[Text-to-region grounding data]

----

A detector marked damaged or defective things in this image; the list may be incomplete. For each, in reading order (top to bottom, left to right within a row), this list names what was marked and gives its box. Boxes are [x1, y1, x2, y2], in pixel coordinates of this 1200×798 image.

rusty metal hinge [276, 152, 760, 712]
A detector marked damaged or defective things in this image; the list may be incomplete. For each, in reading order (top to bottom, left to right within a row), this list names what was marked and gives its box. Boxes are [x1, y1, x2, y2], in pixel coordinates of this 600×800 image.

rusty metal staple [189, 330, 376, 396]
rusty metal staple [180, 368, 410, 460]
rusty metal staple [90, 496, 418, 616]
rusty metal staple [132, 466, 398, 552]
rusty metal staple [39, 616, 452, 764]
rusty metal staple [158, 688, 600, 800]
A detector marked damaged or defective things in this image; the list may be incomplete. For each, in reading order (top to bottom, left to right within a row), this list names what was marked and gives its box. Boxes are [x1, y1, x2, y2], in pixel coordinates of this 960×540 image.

----

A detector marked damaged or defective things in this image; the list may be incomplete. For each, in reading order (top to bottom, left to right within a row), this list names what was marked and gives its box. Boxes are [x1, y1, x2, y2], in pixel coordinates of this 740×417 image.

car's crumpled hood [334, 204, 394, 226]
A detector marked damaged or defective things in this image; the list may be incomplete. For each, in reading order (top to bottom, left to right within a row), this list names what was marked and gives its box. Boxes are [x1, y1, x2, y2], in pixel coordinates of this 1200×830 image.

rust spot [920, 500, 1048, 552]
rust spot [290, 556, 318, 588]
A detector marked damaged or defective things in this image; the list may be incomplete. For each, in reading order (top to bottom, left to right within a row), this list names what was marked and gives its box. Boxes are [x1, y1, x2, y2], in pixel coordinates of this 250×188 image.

----

Given the records above, reproduce precisely and only the lines between the line holding "this 600×800 image." and the line holding "this 960×540 image.", inclusive.

A detector marked damaged or defective things in this image; the list may be incomplete. For each, in reading order (top to bottom, left to right within a row), this list names what was marked and gives its box. Boxes are [x1, y1, x2, y2], in pixel coordinates of this 600×800 image.

rusty metal staple [189, 330, 376, 396]
rusty metal staple [180, 368, 410, 460]
rusty metal staple [90, 496, 418, 616]
rusty metal staple [132, 466, 398, 552]
rusty metal staple [39, 616, 452, 764]
rusty metal staple [158, 688, 600, 800]
A detector marked damaged or defective things in this image; the list may be incomplete. For each, in reading order (top to bottom, left to right within a row), this list names what was marked and gives its box. Boxes are [x1, y1, x2, y2], in pixel coordinates of this 960×540 image.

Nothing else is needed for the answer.